### WORK REQUEST
Only the lines from the one containing "罗蓝山(Roy)高清图册" through the end of the data below are to be repeated, exactly as given, without pictures.

### DATA LISTING
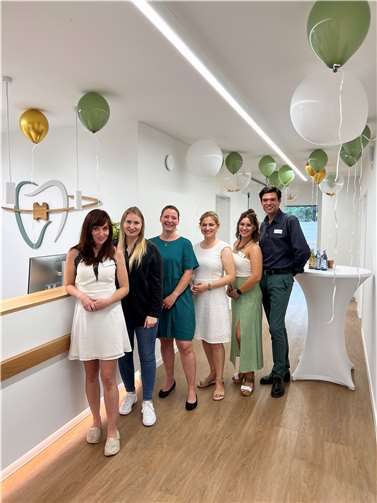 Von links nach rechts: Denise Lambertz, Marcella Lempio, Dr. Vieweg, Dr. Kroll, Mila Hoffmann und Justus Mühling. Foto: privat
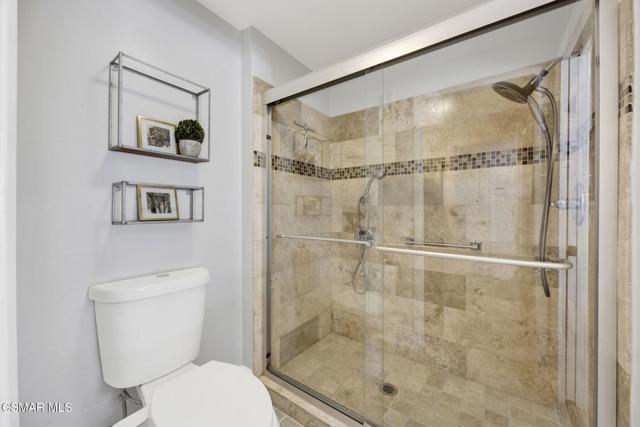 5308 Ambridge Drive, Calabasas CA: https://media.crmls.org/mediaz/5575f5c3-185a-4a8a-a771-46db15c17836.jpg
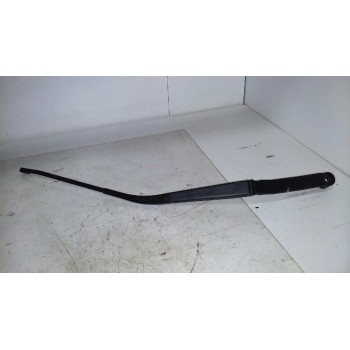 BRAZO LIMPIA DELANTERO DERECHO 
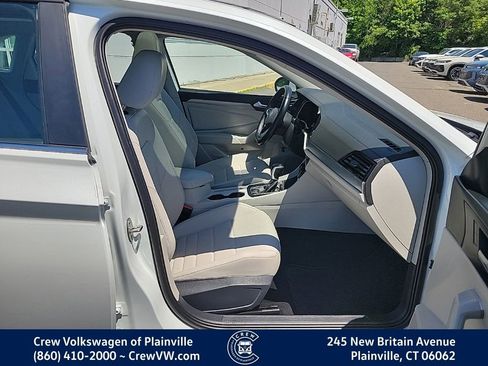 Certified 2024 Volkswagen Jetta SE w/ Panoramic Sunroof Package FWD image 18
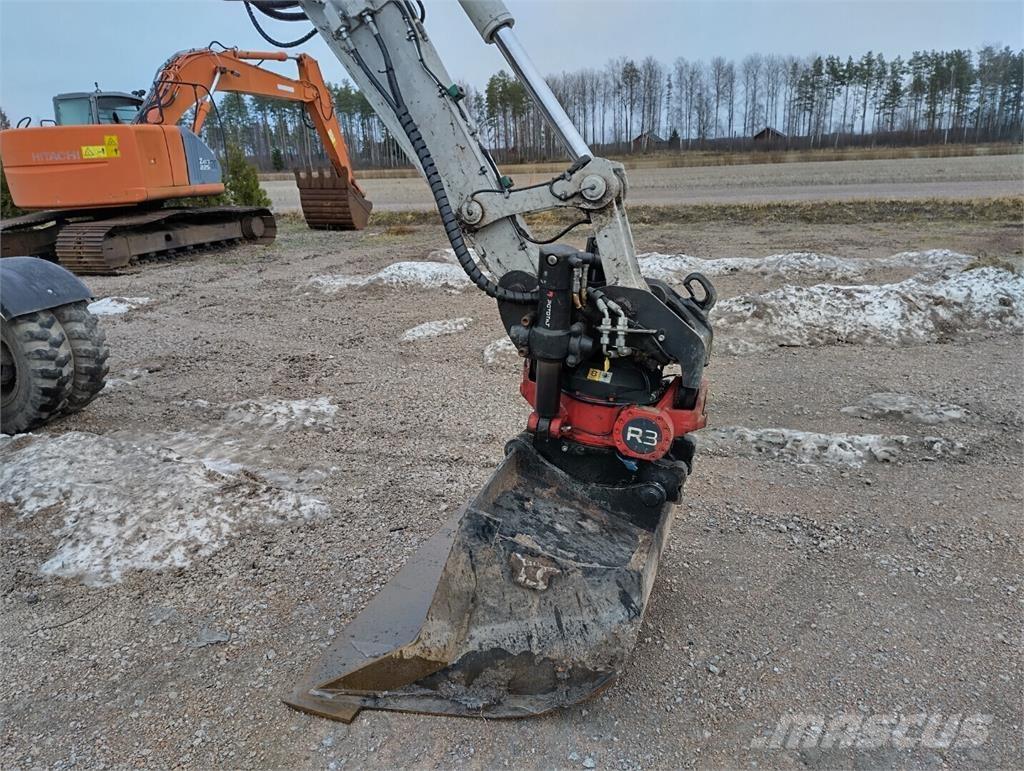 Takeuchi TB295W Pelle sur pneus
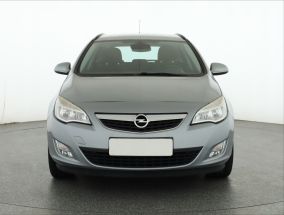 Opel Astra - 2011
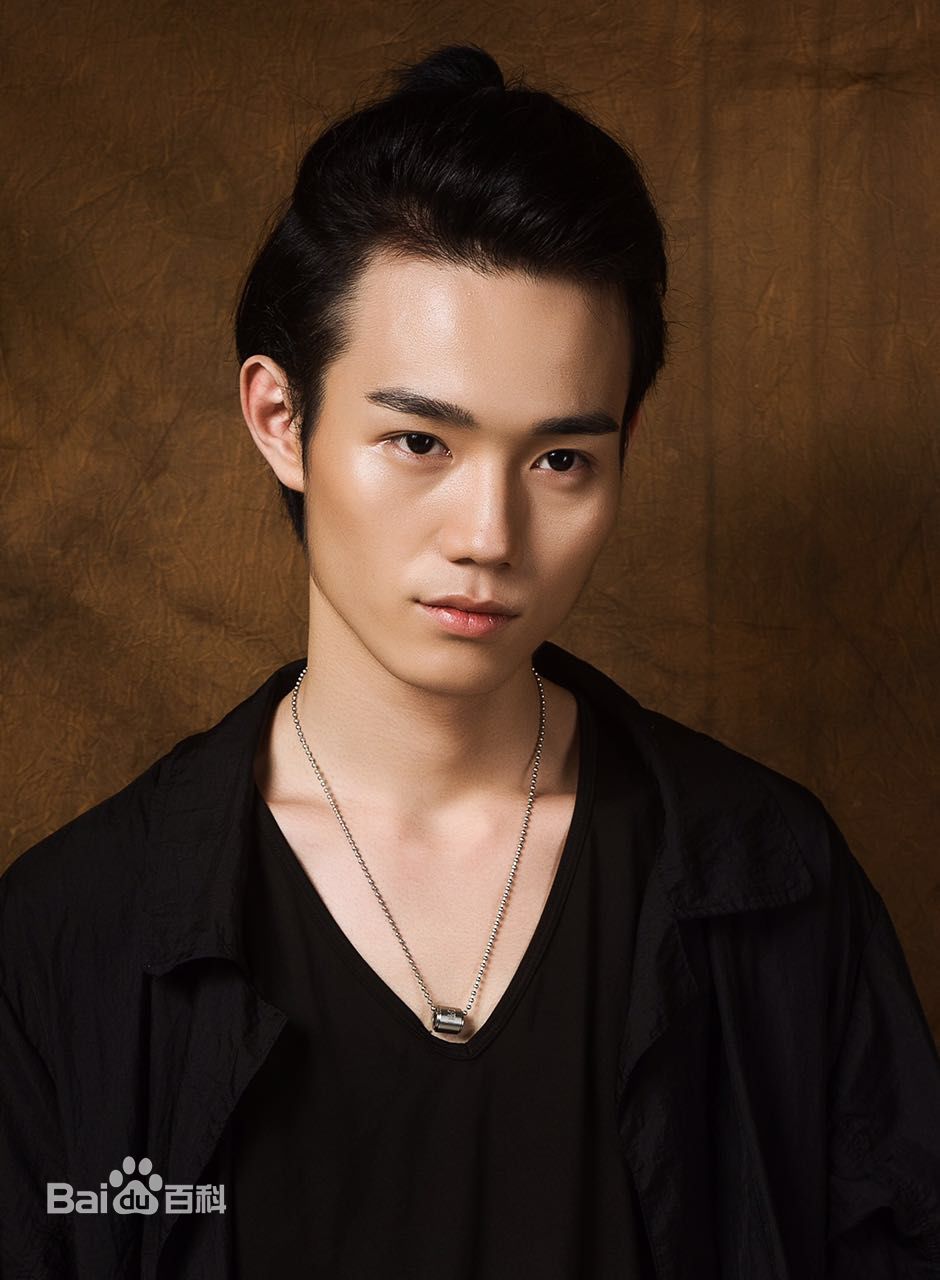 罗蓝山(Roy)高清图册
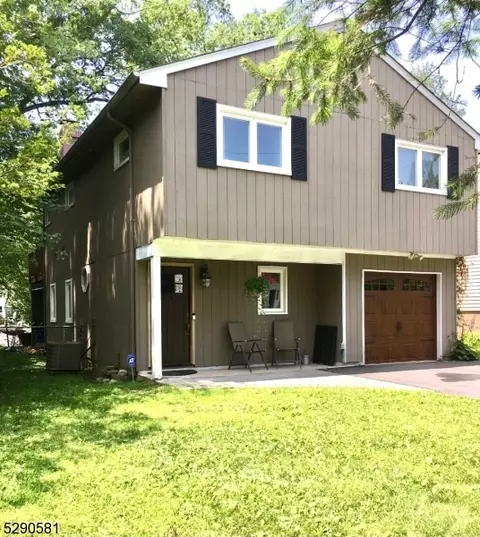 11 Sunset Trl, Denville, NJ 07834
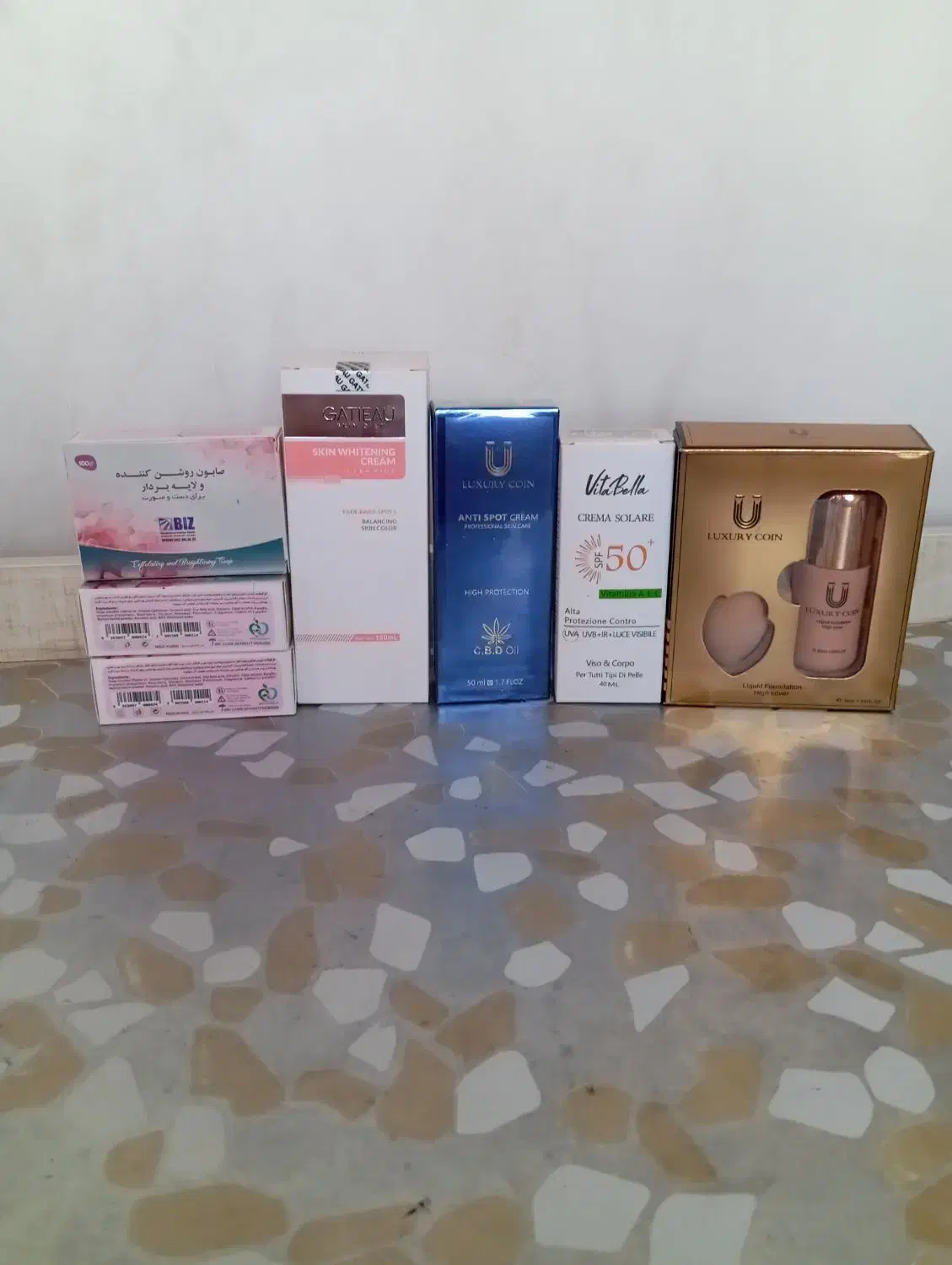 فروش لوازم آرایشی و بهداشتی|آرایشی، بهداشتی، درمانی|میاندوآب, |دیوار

### TASK ANSWER
 罗蓝山(Roy)高清图册
 11 Sunset Trl, Denville, NJ 07834
 فروش لوازم آرایشی و بهداشتی|آرایشی، بهداشتی، درمانی|میاندوآب, |دیوار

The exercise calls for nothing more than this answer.